The Absolutely True Diary of a Part-Time Indian
Budding cartoonist Junior leaves his troubled school on the Spokane Indian Reservation to attend an all-white farm town school where the only other Indian is the school mascot.
Out of Darkness
Loosely based on a school explosion that took place in New London, Texas in 1937, this is the story of two teenagers: Naomi, who is Mexican, and Wash, who is black, and their dealings with race, segregation, love, and the forces that destroy people.
A Court of Mist and Fury
Though Feyre now has the powers of the High Fae, her heart remains human, but as she navigates the feared Night Court's dark web of politics, passion, and dazzling power, a greater evil looms--and she might be key to stopping it.
Crank
Kristina Georgia Snow is the perfect daughter: gifted high school junior, quiet, never any trouble. But on a trip to visit her absentee father, Kristina disappears and Bree takes her place. Bree is the exact opposite of Kristina. Through a boy, Bree meets the monster: crank. And what begins as a wild ecstatic ride turns into a struggle through hell for her mind, her soul--her life.
Me and Earl and the Dying Girl
Seventeen-year-old Greg has managed to become part of every social group at his Pittsburgh high school without having any friends, but his life changes when his mother forces him to befriend Rachel, a girl he once knew in Hebrew school who has leukemia.
This Book Is Gay
This book is for everyone, regardless of gender or sexual preference. This book is for anyone who's ever dared to wonder. This book is for YOU.
Maus: A Survivor's Tale
Maus is a haunting tale within a tale. Vladek's harrowing story of survival is woven into the author's account of his tortured relationship with his aging father. Against the backdrop of guilt brought by survival, they stage a normal life of small arguments and unhappy visits.
The Hate U Give
Sixteen-year-old Starr Carter moves between two worlds: the poor neighborhood where she lives and the fancy suburban prep school she attends. The uneasy balance between these worlds is shattered when Starr witnesses the fatal shooting of her childhood best friend Khalil at the hands of a police officer. Khalil was unarmed. Soon afterward, his death is a national headline. Some are calling him a thug, maybe even a drug dealer and a gangbanger. Protesters are taking to the streets in Khalil's name. Some cops and the local drug lord try to intimidate Starr and her family. What everyone wants to know is: what really went down that night? And the only person alive who can answer that is Starr. But what Starr does, or does not, say could upend her community.
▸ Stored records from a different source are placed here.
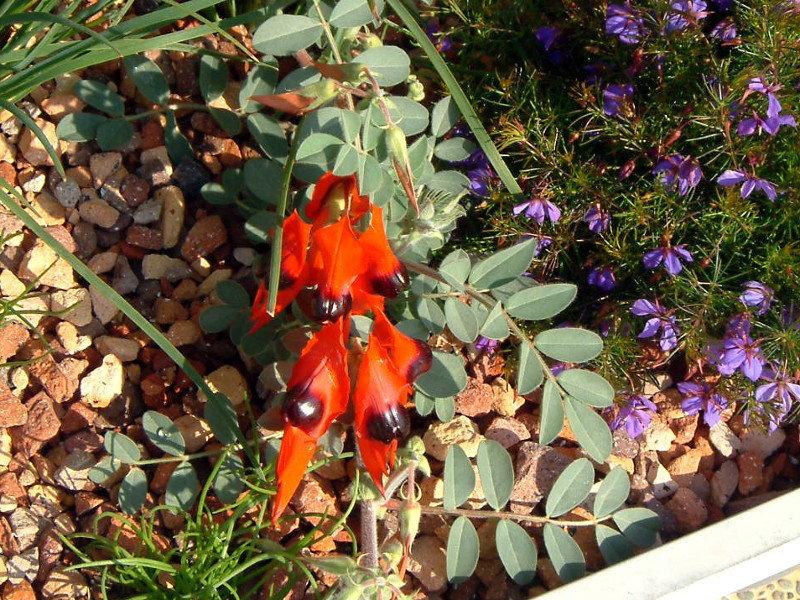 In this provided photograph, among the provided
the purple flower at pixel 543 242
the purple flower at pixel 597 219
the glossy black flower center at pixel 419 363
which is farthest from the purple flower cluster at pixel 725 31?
the glossy black flower center at pixel 419 363

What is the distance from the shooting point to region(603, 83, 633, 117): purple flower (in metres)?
1.80

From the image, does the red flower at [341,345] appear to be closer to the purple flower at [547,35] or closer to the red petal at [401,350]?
the red petal at [401,350]

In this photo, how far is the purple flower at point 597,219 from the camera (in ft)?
6.03

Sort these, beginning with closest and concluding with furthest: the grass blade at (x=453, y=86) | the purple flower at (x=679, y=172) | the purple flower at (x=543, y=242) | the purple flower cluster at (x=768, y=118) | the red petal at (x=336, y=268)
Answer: the red petal at (x=336, y=268), the grass blade at (x=453, y=86), the purple flower cluster at (x=768, y=118), the purple flower at (x=679, y=172), the purple flower at (x=543, y=242)

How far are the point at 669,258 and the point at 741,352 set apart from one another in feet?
0.73

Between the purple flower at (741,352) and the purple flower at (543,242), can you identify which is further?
the purple flower at (543,242)

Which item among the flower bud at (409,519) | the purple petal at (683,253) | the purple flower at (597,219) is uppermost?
the purple flower at (597,219)

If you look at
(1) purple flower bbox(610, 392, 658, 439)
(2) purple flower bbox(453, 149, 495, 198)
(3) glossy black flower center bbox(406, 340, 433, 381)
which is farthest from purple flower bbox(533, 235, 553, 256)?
(3) glossy black flower center bbox(406, 340, 433, 381)

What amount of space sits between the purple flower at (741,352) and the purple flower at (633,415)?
0.20 meters

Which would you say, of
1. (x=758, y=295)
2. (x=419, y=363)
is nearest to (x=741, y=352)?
(x=758, y=295)

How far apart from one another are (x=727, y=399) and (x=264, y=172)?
110cm

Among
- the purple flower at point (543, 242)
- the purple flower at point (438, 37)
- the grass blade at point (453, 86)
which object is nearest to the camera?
the grass blade at point (453, 86)

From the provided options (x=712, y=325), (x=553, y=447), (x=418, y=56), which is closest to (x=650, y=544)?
(x=553, y=447)

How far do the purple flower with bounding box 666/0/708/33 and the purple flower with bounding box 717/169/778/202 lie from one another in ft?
1.02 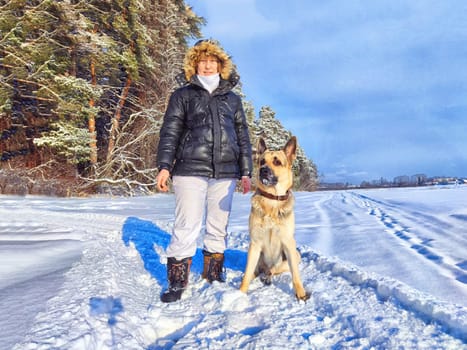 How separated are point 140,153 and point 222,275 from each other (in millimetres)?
13988

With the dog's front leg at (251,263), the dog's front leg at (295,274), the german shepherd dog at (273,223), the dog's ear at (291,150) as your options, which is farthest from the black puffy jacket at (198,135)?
the dog's front leg at (295,274)

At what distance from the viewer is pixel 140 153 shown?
15734mm

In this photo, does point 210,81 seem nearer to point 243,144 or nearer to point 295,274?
point 243,144

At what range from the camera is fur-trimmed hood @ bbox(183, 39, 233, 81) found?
112 inches

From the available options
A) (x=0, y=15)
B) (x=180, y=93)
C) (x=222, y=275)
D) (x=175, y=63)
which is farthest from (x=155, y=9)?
(x=222, y=275)

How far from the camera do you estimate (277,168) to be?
282 centimetres

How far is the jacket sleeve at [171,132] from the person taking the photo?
2.65m

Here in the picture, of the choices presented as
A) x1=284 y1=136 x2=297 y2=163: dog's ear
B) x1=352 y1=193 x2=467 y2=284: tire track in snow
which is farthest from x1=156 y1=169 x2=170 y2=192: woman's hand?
x1=352 y1=193 x2=467 y2=284: tire track in snow

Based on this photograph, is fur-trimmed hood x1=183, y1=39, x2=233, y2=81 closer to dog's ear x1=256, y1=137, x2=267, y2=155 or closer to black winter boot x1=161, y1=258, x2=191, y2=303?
dog's ear x1=256, y1=137, x2=267, y2=155

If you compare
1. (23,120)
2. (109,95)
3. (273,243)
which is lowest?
(273,243)

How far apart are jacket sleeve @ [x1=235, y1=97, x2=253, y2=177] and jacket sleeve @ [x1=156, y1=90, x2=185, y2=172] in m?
0.63

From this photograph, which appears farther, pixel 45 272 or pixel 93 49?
pixel 93 49

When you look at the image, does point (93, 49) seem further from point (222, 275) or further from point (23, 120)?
point (222, 275)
It could also endanger her life.
The Handmaid's Tale
In the Republic of Gilead, a Handmaid named Offred lives in the home of the Commander, to the purpose that she become pregnant with his child. Stripped of her most basic freedoms, (work, property, her own name), Offred remembers a different time, not so long ago, when she was valuable for more than her viable ovaries, when she was mother to a daughter she could keep, and when she and her husband lived and loved as equals. Darkly prescient, scathingly sarcastic, and eminently frightening, The Handmaid's Tale has only gained relevance since it was originally published, and remains one of the most powerful, widely read stories of our times. This illustrated edition is a must-have for Atwood's growing legions of fans.
Milk and Honey
Milk and honey is a collection of poetry and prose about survival. About the experience of violence, abuse, love, loss, and femininity. The book is divided into four chapters, and each chapter serves a different purpose. Deals with a different pain. Heals a different heartache. Milk and honey takes readers through a journey of the most bitter moments in life and finds sweetness in them because there is sweetness everywhere if you are just willing to look.